(WORK REQUEST): Would you retype all of these records exactly?
[RECORD SET Boundary: Start]
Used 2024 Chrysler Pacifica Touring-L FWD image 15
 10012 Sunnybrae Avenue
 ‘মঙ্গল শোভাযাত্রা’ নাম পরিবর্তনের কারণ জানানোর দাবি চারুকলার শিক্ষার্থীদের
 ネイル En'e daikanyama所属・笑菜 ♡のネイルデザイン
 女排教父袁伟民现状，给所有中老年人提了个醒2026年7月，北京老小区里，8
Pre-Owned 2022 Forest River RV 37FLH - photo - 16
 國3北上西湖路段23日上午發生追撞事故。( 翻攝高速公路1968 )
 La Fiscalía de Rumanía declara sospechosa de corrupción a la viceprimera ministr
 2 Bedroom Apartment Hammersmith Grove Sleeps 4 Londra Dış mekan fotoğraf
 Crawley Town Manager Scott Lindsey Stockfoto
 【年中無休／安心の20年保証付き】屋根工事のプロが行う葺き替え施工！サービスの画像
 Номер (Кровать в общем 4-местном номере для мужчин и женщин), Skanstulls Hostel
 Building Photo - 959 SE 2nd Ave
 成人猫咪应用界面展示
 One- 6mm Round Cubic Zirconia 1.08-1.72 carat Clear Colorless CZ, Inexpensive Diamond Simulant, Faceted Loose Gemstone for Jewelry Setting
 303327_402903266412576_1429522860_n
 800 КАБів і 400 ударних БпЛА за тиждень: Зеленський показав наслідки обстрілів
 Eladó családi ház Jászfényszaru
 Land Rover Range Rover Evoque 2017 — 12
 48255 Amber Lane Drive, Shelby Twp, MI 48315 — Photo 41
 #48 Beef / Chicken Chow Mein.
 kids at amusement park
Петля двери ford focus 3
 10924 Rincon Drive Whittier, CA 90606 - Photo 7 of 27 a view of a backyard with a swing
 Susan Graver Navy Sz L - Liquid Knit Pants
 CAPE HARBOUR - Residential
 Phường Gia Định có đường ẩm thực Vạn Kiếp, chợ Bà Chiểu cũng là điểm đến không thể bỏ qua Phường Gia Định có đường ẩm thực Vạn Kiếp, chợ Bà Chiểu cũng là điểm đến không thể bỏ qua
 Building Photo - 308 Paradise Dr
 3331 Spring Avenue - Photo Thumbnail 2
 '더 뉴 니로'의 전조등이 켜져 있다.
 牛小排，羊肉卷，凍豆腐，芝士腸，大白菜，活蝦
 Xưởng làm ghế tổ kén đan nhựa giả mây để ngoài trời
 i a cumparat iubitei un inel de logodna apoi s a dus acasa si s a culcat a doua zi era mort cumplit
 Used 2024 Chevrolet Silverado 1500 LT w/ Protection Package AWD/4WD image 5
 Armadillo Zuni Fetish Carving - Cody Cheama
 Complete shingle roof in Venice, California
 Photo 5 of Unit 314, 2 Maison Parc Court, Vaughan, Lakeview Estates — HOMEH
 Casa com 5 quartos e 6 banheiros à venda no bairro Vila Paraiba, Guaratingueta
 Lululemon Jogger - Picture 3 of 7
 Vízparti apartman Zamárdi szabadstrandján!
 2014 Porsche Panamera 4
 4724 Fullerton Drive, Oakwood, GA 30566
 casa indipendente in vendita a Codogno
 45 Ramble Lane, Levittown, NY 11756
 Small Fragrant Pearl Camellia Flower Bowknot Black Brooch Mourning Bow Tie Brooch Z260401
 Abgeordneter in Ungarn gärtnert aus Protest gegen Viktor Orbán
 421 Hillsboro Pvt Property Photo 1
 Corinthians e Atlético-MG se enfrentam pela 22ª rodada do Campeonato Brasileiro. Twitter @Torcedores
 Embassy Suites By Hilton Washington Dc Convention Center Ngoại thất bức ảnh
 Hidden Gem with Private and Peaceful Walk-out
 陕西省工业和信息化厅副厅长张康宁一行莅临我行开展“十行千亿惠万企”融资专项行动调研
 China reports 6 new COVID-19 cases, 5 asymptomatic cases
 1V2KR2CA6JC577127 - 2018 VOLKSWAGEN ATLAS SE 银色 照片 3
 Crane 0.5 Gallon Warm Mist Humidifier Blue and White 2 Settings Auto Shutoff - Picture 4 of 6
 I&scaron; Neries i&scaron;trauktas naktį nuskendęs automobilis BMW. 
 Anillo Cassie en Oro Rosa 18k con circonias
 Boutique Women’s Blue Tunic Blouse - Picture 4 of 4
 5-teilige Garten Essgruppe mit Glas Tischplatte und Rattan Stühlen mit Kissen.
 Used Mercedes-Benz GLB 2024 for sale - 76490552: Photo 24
[RECORD SET Boundary: End]
(YOUR SOLUTION):
Used 2024 Chrysler Pacifica Touring-L FWD image 15
 10012 Sunnybrae Avenue
 ‘মঙ্গল শোভাযাত্রা’ নাম পরিবর্তনের কারণ জানানোর দাবি চারুকলার শিক্ষার্থীদের
 ネイル En'e daikanyama所属・笑菜 ♡のネイルデザイン
 女排教父袁伟民现状，给所有中老年人提了个醒2026年7月，北京老小区里，8
Pre-Owned 2022 Forest River RV 37FLH - photo - 16
 國3北上西湖路段23日上午發生追撞事故。( 翻攝高速公路1968 )
 La Fiscalía de Rumanía declara sospechosa de corrupción a la viceprimera ministr
 2 Bedroom Apartment Hammersmith Grove Sleeps 4 Londra Dış mekan fotoğraf
 Crawley Town Manager Scott Lindsey Stockfoto
 【年中無休／安心の20年保証付き】屋根工事のプロが行う葺き替え施工！サービスの画像
 Номер (Кровать в общем 4-местном номере для мужчин и женщин), Skanstulls Hostel
 Building Photo - 959 SE 2nd Ave
 成人猫咪应用界面展示
 One- 6mm Round Cubic Zirconia 1.08-1.72 carat Clear Colorless CZ, Inexpensive Diamond Simulant, Faceted Loose Gemstone for Jewelry Setting
 303327_402903266412576_1429522860_n
 800 КАБів і 400 ударних БпЛА за тиждень: Зеленський показав наслідки обстрілів
 Eladó családi ház Jászfényszaru
 Land Rover Range Rover Evoque 2017 — 12
 48255 Amber Lane Drive, Shelby Twp, MI 48315 — Photo 41
 #48 Beef / Chicken Chow Mein.
 kids at amusement park
Петля двери ford focus 3
 10924 Rincon Drive Whittier, CA 90606 - Photo 7 of 27 a view of a backyard with a swing
 Susan Graver Navy Sz L - Liquid Knit Pants
 CAPE HARBOUR - Residential
 Phường Gia Định có đường ẩm thực Vạn Kiếp, chợ Bà Chiểu cũng là điểm đến không thể bỏ qua Phường Gia Định có đường ẩm thực Vạn Kiếp, chợ Bà Chiểu cũng là điểm đến không thể bỏ qua
 Building Photo - 308 Paradise Dr
 3331 Spring Avenue - Photo Thumbnail 2
 '더 뉴 니로'의 전조등이 켜져 있다.
 牛小排，羊肉卷，凍豆腐，芝士腸，大白菜，活蝦
 Xưởng làm ghế tổ kén đan nhựa giả mây để ngoài trời
 i a cumparat iubitei un inel de logodna apoi s a dus acasa si s a culcat a doua zi era mort cumplit
 Used 2024 Chevrolet Silverado 1500 LT w/ Protection Package AWD/4WD image 5
 Armadillo Zuni Fetish Carving - Cody Cheama
 Complete shingle roof in Venice, California
 Photo 5 of Unit 314, 2 Maison Parc Court, Vaughan, Lakeview Estates — HOMEH
 Casa com 5 quartos e 6 banheiros à venda no bairro Vila Paraiba, Guaratingueta
 Lululemon Jogger - Picture 3 of 7
 Vízparti apartman Zamárdi szabadstrandján!
 2014 Porsche Panamera 4
 4724 Fullerton Drive, Oakwood, GA 30566
 casa indipendente in vendita a Codogno
 45 Ramble Lane, Levittown, NY 11756
 Small Fragrant Pearl Camellia Flower Bowknot Black Brooch Mourning Bow Tie Brooch Z260401
 Abgeordneter in Ungarn gärtnert aus Protest gegen Viktor Orbán
 421 Hillsboro Pvt Property Photo 1
 Corinthians e Atlético-MG se enfrentam pela 22ª rodada do Campeonato Brasileiro. Twitter @Torcedores
 Embassy Suites By Hilton Washington Dc Convention Center Ngoại thất bức ảnh
 Hidden Gem with Private and Peaceful Walk-out
 陕西省工业和信息化厅副厅长张康宁一行莅临我行开展“十行千亿惠万企”融资专项行动调研
 China reports 6 new COVID-19 cases, 5 asymptomatic cases
 1V2KR2CA6JC577127 - 2018 VOLKSWAGEN ATLAS SE 银色 照片 3
 Crane 0.5 Gallon Warm Mist Humidifier Blue and White 2 Settings Auto Shutoff - Picture 4 of 6
 I&scaron; Neries i&scaron;trauktas naktį nuskendęs automobilis BMW. 
 Anillo Cassie en Oro Rosa 18k con circonias
 Boutique Women’s Blue Tunic Blouse - Picture 4 of 4
 5-teilige Garten Essgruppe mit Glas Tischplatte und Rattan Stühlen mit Kissen.
 Used Mercedes-Benz GLB 2024 for sale - 76490552: Photo 24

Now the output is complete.